The ANC has finally adopted the guidelines on how to deal with members and leaders facing charges involving serious misdemeanours, but it has again kicked the proverbial can down the road by giving itself another month before these are implemented.

In the meantime, it is expecting members like its secretary-general, Ace Magashule, to do the right thing and act with “integrity and credibility” by voluntarily stepping aside. But it is unlikely that those in the firing line will do so, and it will in all likelihood be business as usual until the guidelines are formally implemented.

President Cyril Ramaphosa said in his closing remarks to the national executive committee at the weekend that with the finalisation of the guidelines, the officials will now process all the reports of the integrity commission and return in a month's time with a full report. In the meantime, those facing charges must step aside in line with recommendations of the integrity commission and the party’s resolution.

So will it be the end of the line for Magashule, in a month’s time and will the party have the stomach to remove him?

The ANC’s integrity commission, which few take seriously, in 2020 recommended that Magashule step down while he faces corruption charges, and if he doesn’t, it said the party should suspend him. Until now, nothing has happened.

It was not a surprise though, as the party faces the unprecedented situation of having to remove a top-six official. Even when former president Thabo Mbeki fired Jacob Zuma as deputy president of the country over corruption allegations that are still to be settled in court, he remained in his position as ANC deputy president, so there is no precedent.

And it is unlikely that Magashule will take such a decision lying down. When he first appeared in court in November, Magashule said he would not step down and that no-one can remove him. To no-one’s surprise he also stated that only a special conference of ANC branches could decide his fate.

This is going to be a huge test and fight that Ramaphosa, and the part of the ANC that he leads, will need to win if they are to have a chance to convince the broader society that they are serious about rooting out corruption. The party already has a former president who is blatantly defying everything it proclaims to stand for and yet it seems unable to take a stance.

The ANC resolution on dealing with members and leaders facing criminal charges should also apply to Zuma. He is facing corruption charges in relation to the multibillion-rand arms deal, two criminal charges laid by the state capture commission and on Monday deputy chief justice Raymond Zondo announced that it will file a contempt of court application against him and ask the Constitutional Court, if it finds the former president guilty, to send him to jail.
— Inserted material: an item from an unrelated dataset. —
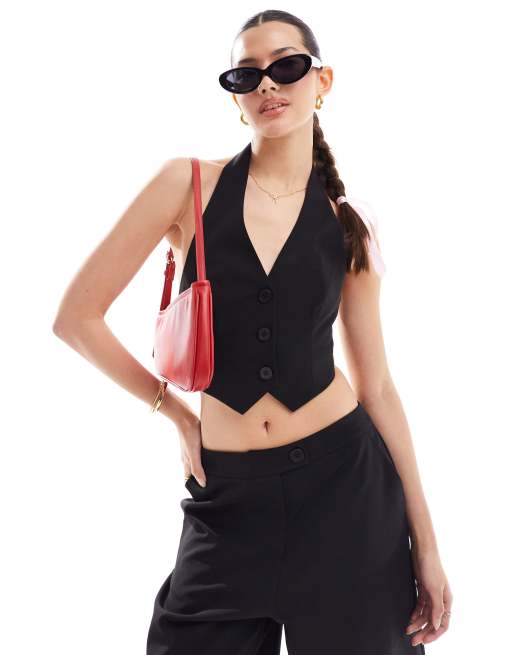 Miss Selfridge - Gilet aperto dietro allacciato al collo nero in coordinato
In terms of the ANC’s resolution, Zuma should be dealt with like any other party member or leader. But the party seems unable to do this.

Ramaphosa, who was Zuma’s deputy during the former’s second term, and the ANC are also expected to appear before the Zondo commission where they will have to explain how the country got to where it did under its watch.

Zondo made a salient remark on Monday when dealing with this exact point: “Having become aware of a lot of things that relate to allegations of state capture and corruption during Mr Zuma’s presidency they [the ANC] ought to come to the commission and say what do they have to say about the fact that they were the ruling party at the time and this was someone they presented to voters as president …”

In the end it will come down to whether the ANC’s leaders can conjure up a backbone.

The party will have to change tack on its strategy. It is time to move from the carrot to the stick, with all the risks entailed. Fear of the fate that befell Mbeki is understandable from Ramaphosa’s perspective. But not confronting it risks his being a lame-duck presidency from start to finish.